吉田修一「パレード」読了
(幻冬舎文庫 ISBN:4344405153)

ぼぉーっとした感じのH大4年の大学生、良介、売り出し中の俳優の彼からの電話を待つ女、琴美、雑貨屋の店長で自称イラストレーターの未来、映画好きで映画配給会社に務め健康オタクな直輝。都内の2LDKのマンションで暮らす男女4人若者たちはそれぞれのライフスタイルはばらばらで「共同生活」と呼べるほど連帯感はないままに彼等は暮らしいる。

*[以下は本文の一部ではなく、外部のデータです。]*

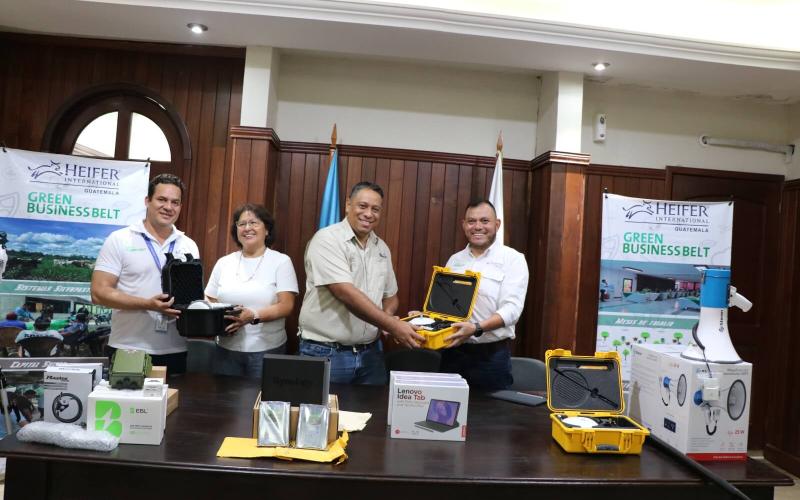 Donan equipo tecnológico que fortalece la ganadería sostenible en Petén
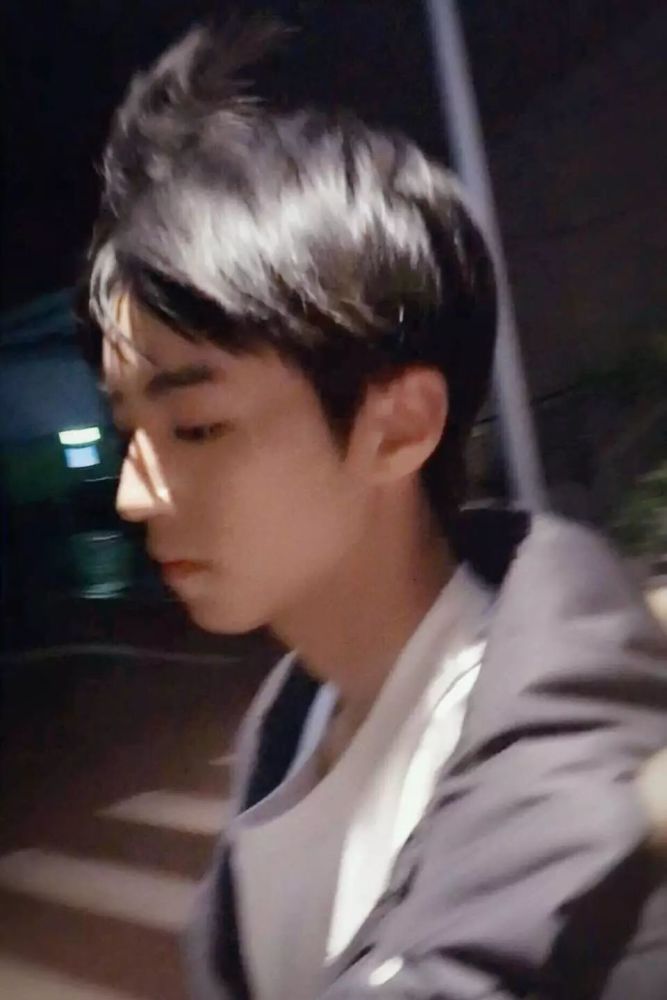 吴世勋是韩国爱豆里出了名的神仙颜值,路人拍更绝了,这位哥哥的脸蛋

なんとなくクールな都会風のライフスタイルって感じだが、そんな気負いも彼等にはない。
普段の我々の日常生活がそうであるように、彼等の日々の生活にも様々な出来事がある。それは全員が共有しうる出来事であったり、個人的なことであったり、その中間の2、3人が共有できる類のものだったりする。
ハナシはそんな彼等の日常の一時期を、彼等それぞれの視点から語る形で進む。当然、そこでは様々な出来事に対する彼等それぞれの対処がある。そしてその対処は各々の何かに対する距離につながっている。興味があることや問題意識から行動を起こすのではなく、何かとの間合い感覚から、己が何すべきことをを決める、という案配で彼等はそれぞれの居場所にいるようにみえる。
解説の川上弘美はかなり腐心して書いている。彼女の腐心も無理なく、「パレード」は巧妙な伏線はとんでもなくキモだ。私は多少喋りすぎたきらいがあるが、兎に角「良介」から順に読むのとイイ。読後、大いにビックリする。